About this task:
Among the entries below, copy only the span from the line containing "AKOM Docklands - Yamba Accommodation 7" through the line containing "柚子胡椒の乗った甘鯛の塩焼き". Do so exactly, and skip the pictures.

Input data:
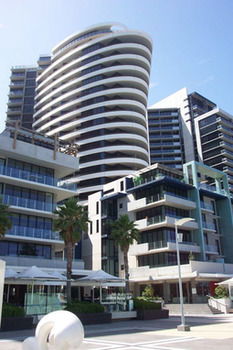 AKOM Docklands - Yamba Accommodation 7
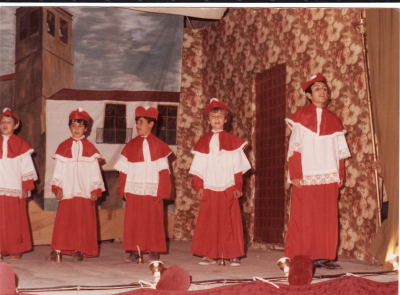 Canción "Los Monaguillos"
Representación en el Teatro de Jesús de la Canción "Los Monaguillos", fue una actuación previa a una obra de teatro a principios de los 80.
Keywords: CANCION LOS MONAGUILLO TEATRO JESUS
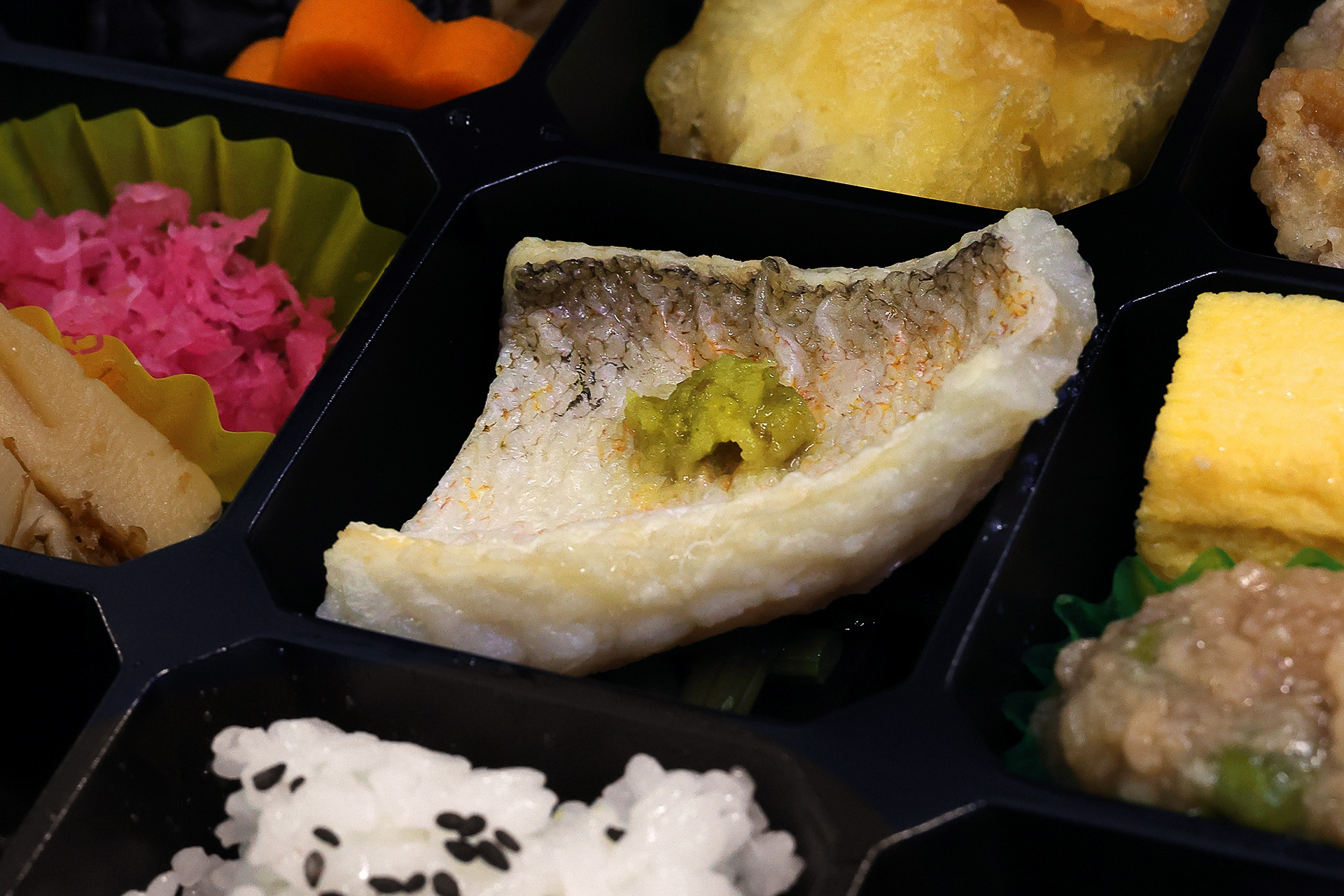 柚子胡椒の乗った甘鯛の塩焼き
---
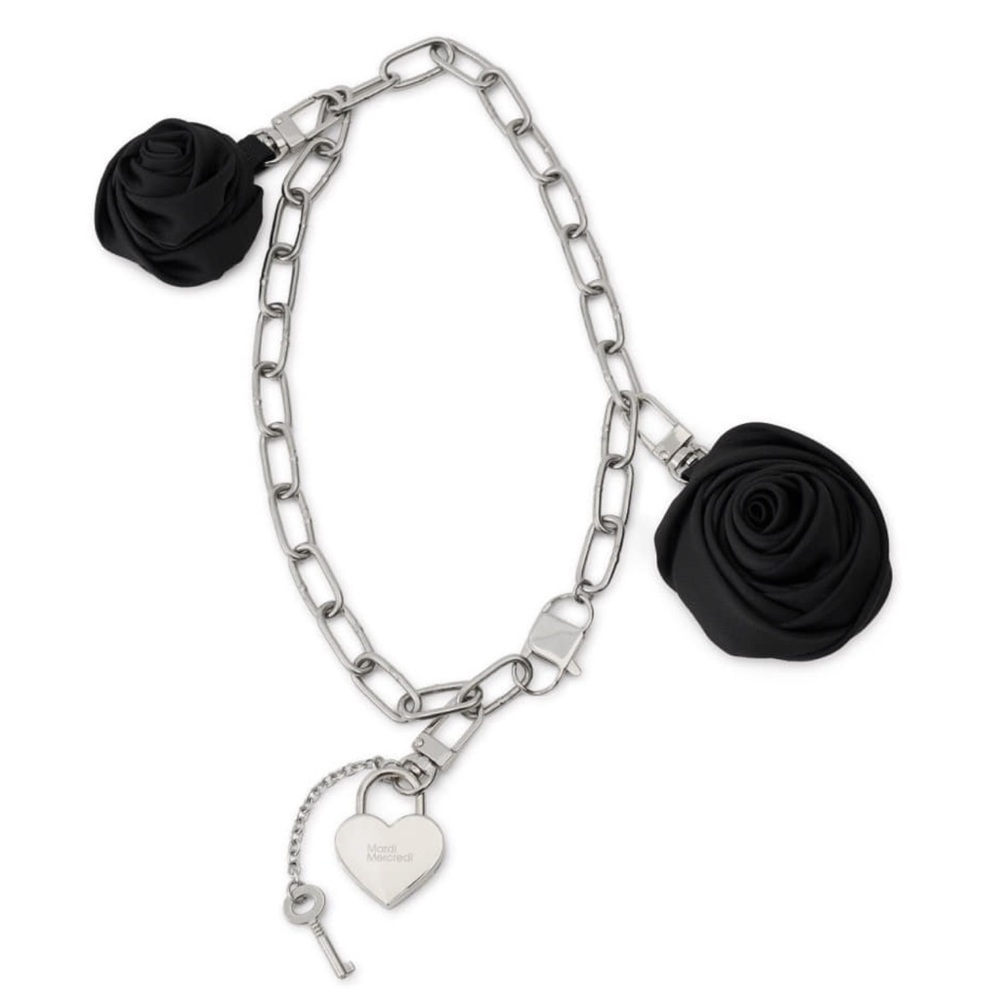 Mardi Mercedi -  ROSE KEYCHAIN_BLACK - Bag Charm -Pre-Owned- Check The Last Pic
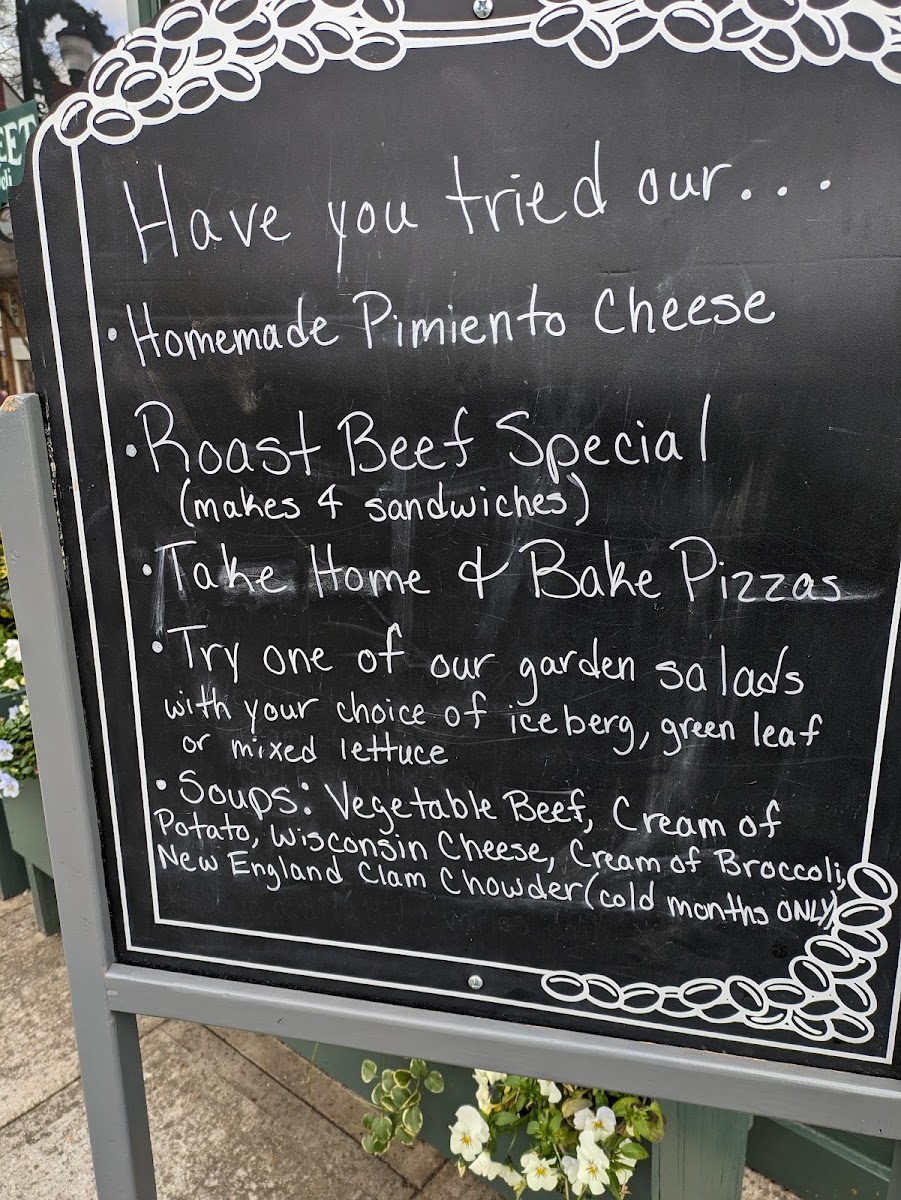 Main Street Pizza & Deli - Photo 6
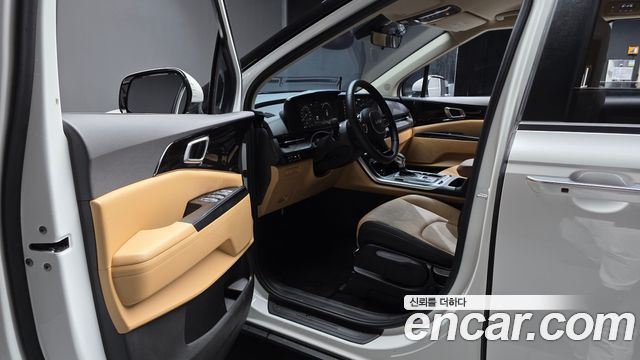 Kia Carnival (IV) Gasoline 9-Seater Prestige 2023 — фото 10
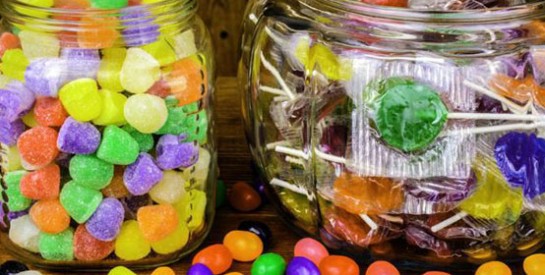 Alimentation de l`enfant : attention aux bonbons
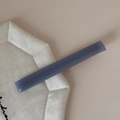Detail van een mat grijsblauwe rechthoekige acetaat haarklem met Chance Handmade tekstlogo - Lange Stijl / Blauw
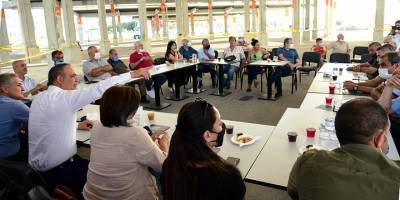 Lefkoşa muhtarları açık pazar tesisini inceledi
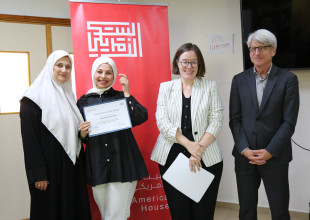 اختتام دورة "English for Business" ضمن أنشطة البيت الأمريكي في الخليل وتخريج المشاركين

Answer space:
 AKOM Docklands - Yamba Accommodation 7
 Canción "Los Monaguillos"
Representación en el Teatro de Jesús de la Canción "Los Monaguillos", fue una actuación previa a una obra de teatro a principios de los 80.
Keywords: CANCION LOS MONAGUILLO TEATRO JESUS
 柚子胡椒の乗った甘鯛の塩焼き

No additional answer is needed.